In the 2014-15 year there was a huge $3 billion variance between tax bills initially issued by the ATO to 81 large companies, and the money the agency ended up pocketing after it cut deals with these companies.
The ATO has $4 billion worth of disputes going on with big business at the moment, most of which are transfer pricing cases, such as the $1 billion dispute with miner BHP Billiton over its Singapore marketing hub, and some of which date back almost over a decade.
BHP Billiton has said it’s willing to head to court to settle the dispute.
But speaking generally about the tax gap figures, Mr Hirschhorn, who has much input into what cases the ATO litigates, said the he expects they will settle most of the $4 billion cases under dispute out of court.
There had been higher audit activity under tougher domestic laws like the Multinational Ant-Avoidance Laws which has led to companies like Google restructuring, Diverted Profits Tax and stronger transfer pricing powers, he said.
The coming year would be another big year for settlements, he said, but the variance between what the ATO wanted and settled on would slightly shrink, he said.
Disputes about margins
Mr Hirschhorn said the biggest driver of the tax gap was “primarily transfer mispricing”.
Of $4 billion in tax bills issued to large corporates and multinationals in the 2016-17 financial year, he said about $1 billion related to transfer mispricing of related party debt (as seen in the case of Chevron), about $1 billion was transfer mispricing of inbound e-commerce and about $500 million was transfer mispricing via commodity trading hubs.
He said some corporates had already entered into 50/50 arrangements whereby the pay half the the tax bill in advance of objections.
The issue with cases of companies channelling money through low-tax Singapore, wasn’t that companies were using marketing and service hubs, but rather the profit margins they are attributing to doing business there.
“The issue isn’t having a Singapore hub – that’s a commercial decision,” he said. “What we say is, ‘how much profit are you attributing to these people [in Singapore]?
“If you were to outsource that function would you give them a ten times profit?’ We would say, ‘no.
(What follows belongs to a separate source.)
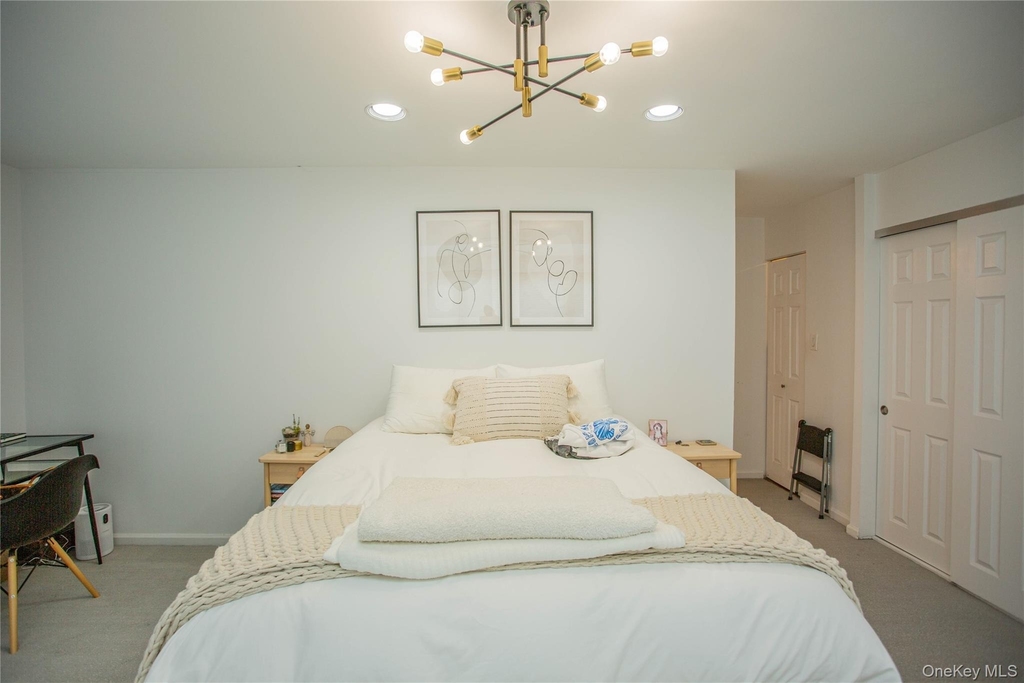 100 W Broadway - Photo 23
You’d give them a good profit – they are smart people working hard for you – but you wouldn’t give them all the profit’.”
Delay in release
While Britain has been publishing tax gap figures for some time, the ATO has been taking its time in releasing numbers – it was supposed to do so in last year’s annual report.
The agency is yet to release tax gap figures for sectors of the economy where it says black economy activity is prevalent including, the highly wealthy individuals market segment, the small business segment and for other individuals.
“Our plan is to progressively review tax gaps for other markets over the next few years,” Mr Hirschhorn said.
The ATO’s corporate tax gap estimate covers a seven-year period between 2008–09 and 2014–15. The tax gaps for earlier years were $2.7 billion in 2008-09, $2.3 billion in 2009-10, $2 billion in 2010-11, $2.7 billion in 2011-12, $2.5 billion in 2012-13, and almost $3 billion in 2013-14.
Criticisms of tax gaps
One of the expert panelists who helped pull together the figures, tax expert and UNSW Business School adjunct professor, Richard Highfield, said the estimates were in line with those of other revenue agencies such as Her Majesty’s Revenue & Customs (HMRC).
But the HMRC 214-15 tax gaps figures of £36bn, or 6.5 per cent, have been condemned for ignoring estimated tens of billions lost in profit shifting and tax avoidance by multinationals.
Professor Highfield noted for the ATO data, there was some error relating to audit activity or non-audits, but it would be relatively small.
But Oxfam’s Ms Kyriacou said the ATO figures also don’t capture the more than $US100 billion that multinationals are estimated to be ripping out of developing countries every year by avoiding taxes.
The Corporate Tax Association’s Michelle de Niese, whose members include hundreds of big corporates, said “cracking down on large corporates is not the panacea for Australia’s budget woes”.